Being traded for a future Hall of Famer like Greg Maddux – how does it feel to part of a trade for such a high caliber pitcher?
Michael Watt: It is an honor. It is really cool to be able to tell people about that. Even if they know just a little bit about baseball, everyone knows who Greg Maddux is. It is something I am definitely going to be able to tell my family for the rest of my life. It is a pretty big deal. I am thankful for that. And it looks like a real good organization to be in right now so I am excited for that.
Talk a little bit about your stuff. I got to see you pitch at Instructs but what is the real scouting report because I may have seen you when you were tired?
Michael Watt: I feel like I had much better stuff at the beginning of the year – and for most of the year. I was always a fastball/curveball guy until this year. This was the first year that I started to really develop a changeup. The changeup came in real good late. The curveball – which you saw – was terrible. I think it will be there because I have always had a pretty good curveball. I think the arm was a little tired from the long season.
I am looking forward to spring and hopefully I will have all three of my pitches.
Was what you experienced in Instructs a mechanical thing you felt like you were working through or just a tired arm?

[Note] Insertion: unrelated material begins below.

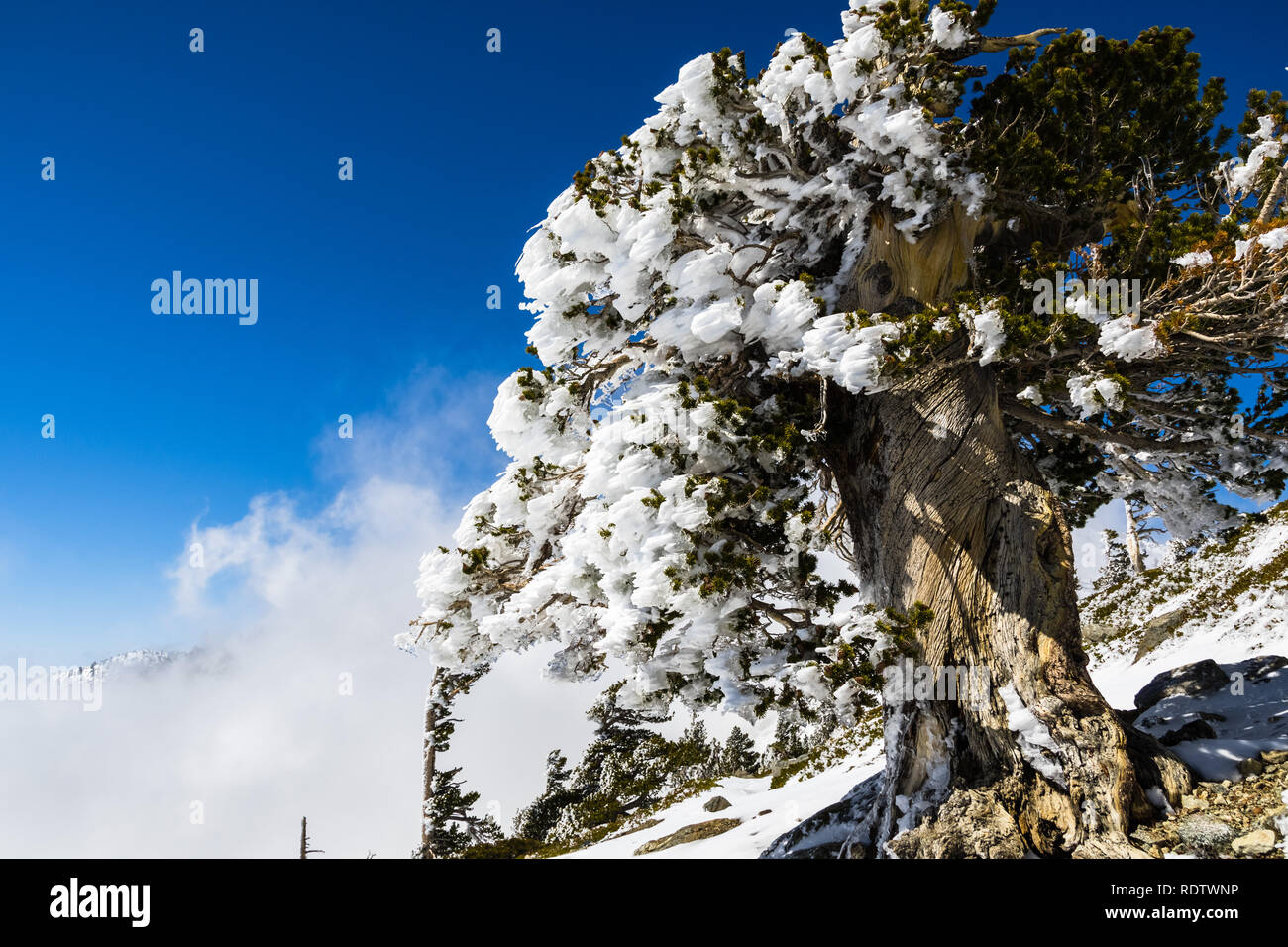 Pins couverts de neige congelée sur une journée froide mais ensoleillée ; Le mont San Antonio (Mt Baldy), Los Angeles County, Californie Banque D'Images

Michael Watt: I didn't feel like it was mechanical at all. I just think I was tired. I am sure it was mechanical in that I was tired and the arm angle felt like it was almost different on every pitch. I struggled getting consistency. I felt like it was hard to snap it off like I wanted to. I didn't really have a feel for it. My arm was dragging and at a different speed every time.
You went out to Instructs with the Dodgers and then come over to the Padres. Everyone has a plan for you – how has it changed since coming over?
Michael Watt: (The Dodgers) lost their pitching coordinator, so I wasn't working on too much – just the breaking ball. Since coming over here, they wanted to work on my breaking ball more. Not much has changed. They both have the same sort of fundamentals. I don't think too much has changed.
How tough is it to come into a new environment? Many of these guys have been here, know each other, and are building their rapport with the coaching staff.
Michael Watt: I had already met a couple of guys that did get traded like me. My roommate, Steve Garrison, was traded from the Brewers. Evan Scribner who was traded from the Diamondbacks. It seems like I am not the only minor leaguer that was traded. I don't feel that different. It is kind of a shock to be with a whole different group after being with the same people for two years. I will get to meet everyone in spring.
How much have you matured in the two years since being drafted out of high school?
Michael Watt: Oh wow, a whole lot. A couple of my best friends within the Dodgers system are 23 and 24. I have really grown up a lot – just from being around older guys all the time.